The neighboring countries of Iran, Jordan, Kuwait, Saudi Arabia, Syria and Turkey have agreed to open their borders to allow Iraqi refugees temporary asylum.
But the spokesman for the U.N. high commissioner for refugees, Kris Janowski, said Friday there have been no reports of any movements outside of Iraq, although he says the United Nations fears as many 600,000 Iraqis could flee to the camps if a severe bombing campaign gets under way.
During the Gulf war in 1991 almost one million Iraqis fled the country, mostly to Iran.
Military analyst Zaharia Hussein Ahmed says he expects refugee camps will soon be filled with fleeing Iraqis. Mr. Ahmed is a former Egyptian general and head of the Nasser Military Academy in Cairo.
He says he fully believes the United States will make good on its promise of a "shock and awe" bombing campaign in Baghdad because, he says, militarily it will be the only way to minimize casualties among coalition forces.
Mr. Ahmed says Iraq's main military forces will be centered in Baghdad and the surrounding areas. He says making the Iraqi regime "evaporate" will start and end with the fall of the capital. Mr. Ahmed says he believes this will take a great effort from the Americans if they plan to control Baghdad especially, he says, if they want to control it with the least amount of casualties.
But military analyst Hossam Soweillam disagrees. The former Egyptian army general and director of the Egyptian Armed Forces Center for Strategic Studies in Cairo says that if U.S. forces gain control of 90 percent of Iraq before surrounding Baghdad, they might not have to engage in a heavy bombing campaign. "I think Saddam Hussein will be obliged to reconsider his political situation, his political decision in order to surrender and leave Iraq peacefully without waging a battle inside Baghdad," said Hossam Soweillam. "Americans will practice all means in order to execute, to manage these targets, to manage these objectives with the minimum casualties to personnel and materials by practicing psychological pressure on Saddam Hussein and push the Republican Guards to make a military coup. But in all cases there's no alternative but to remove the head of the regime."
Mr. Soweillam says world reaction to the war would be much more positive if it could be won with limited casualties and damage and a minimum amount of Iraqi refugees.

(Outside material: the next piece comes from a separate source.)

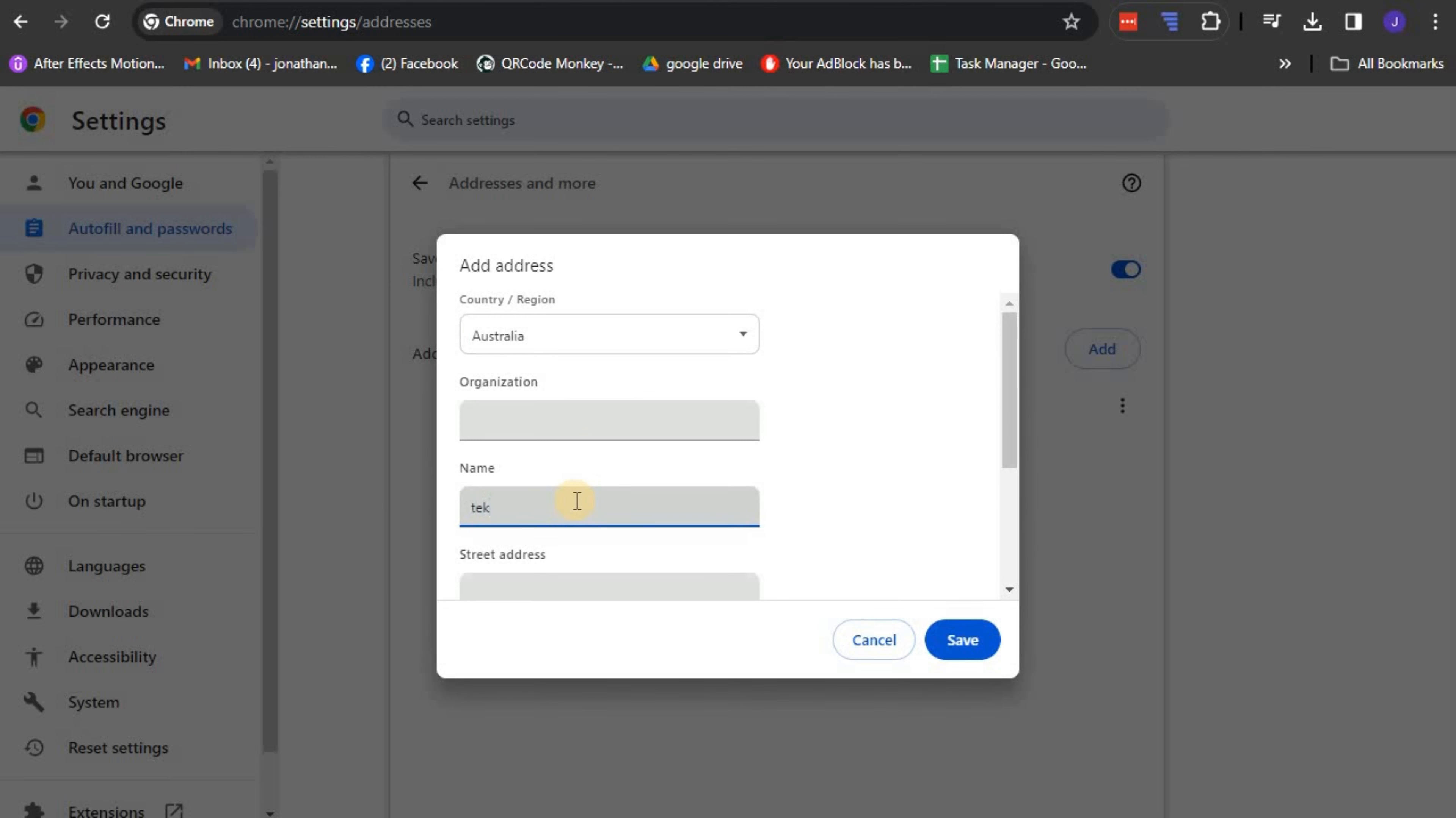As for security concerns, you should always remember that these details are safely stored by Google and won't be released without your permission.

Mohammed Kadry Said says that may be "exactly" what the U.S. administration is thinking. The former Egyptian army general and current head of the military unit at the al-Ahram Center for Political and Strategic Studies in Cairo says that may be why the promised heavy bombing campaign has not yet begun. "I think this may be one of the acceptable justifications," he said. "Maybe the Americans don't want to make a lot of damage. They want to make it very smooth and it may be this is what they are thinking."
Mr. Said says the smoother the military operation goes the better it will be politically for President Bush and British Prime Minister Tony Blair.
However, on Friday senior Iraqi officials were promising that Baghdad would remain defiant and promised its walls "will be an incinerator" for invading forces.
And if Baghdad stands and fights, no one disagrees that now empty refugee camps in neighboring countries will be flooded with fleeing Iraqis.